TASK TO COMPLETE:
Beginning with the line containing "Détail du serre-tête" and ending with the line containing "Bootverhuur Mahón goedkoop FLYER 9 SUNdeck", write out each line of the records below exactly; pictures and lines outside that range are left out.

ENTRIES SUPPLIED:
=== Section Start ===
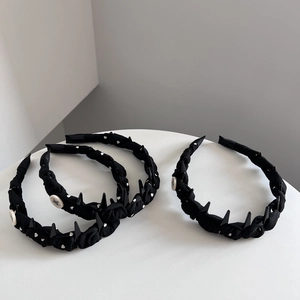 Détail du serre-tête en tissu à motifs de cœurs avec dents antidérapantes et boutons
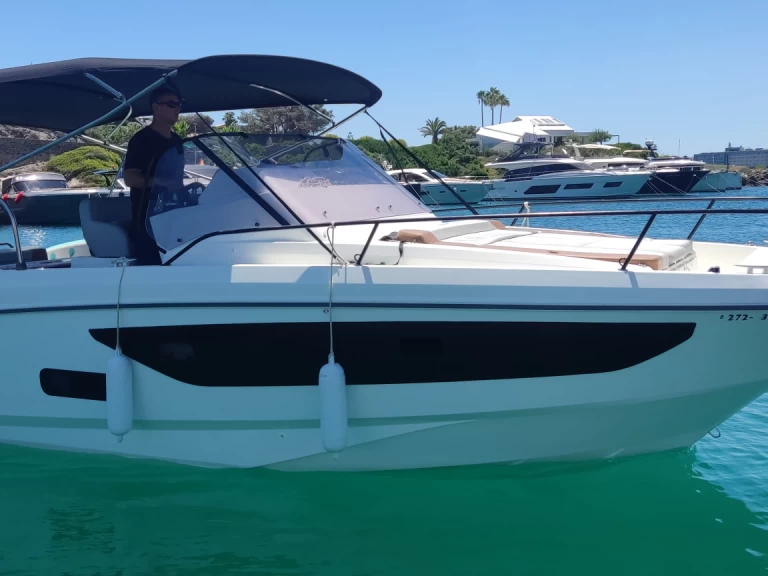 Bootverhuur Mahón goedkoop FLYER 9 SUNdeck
=== Section End ===
=== Section Start ===
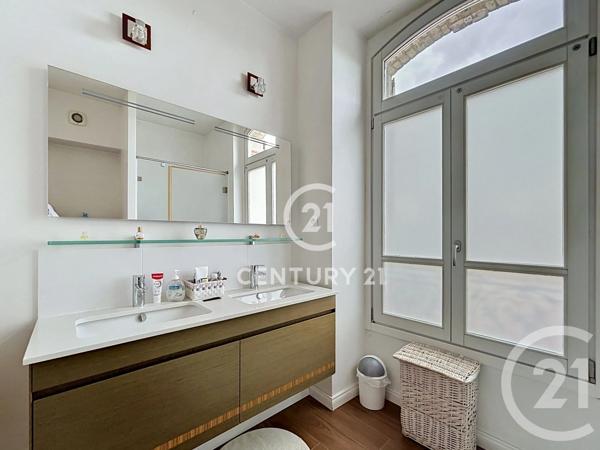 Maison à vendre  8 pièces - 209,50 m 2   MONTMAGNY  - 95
=== Section End ===
TASK ANSWER:
 Détail du serre-tête en tissu à motifs de cœurs avec dents antidérapantes et boutons
 Bootverhuur Mahón goedkoop FLYER 9 SUNdeck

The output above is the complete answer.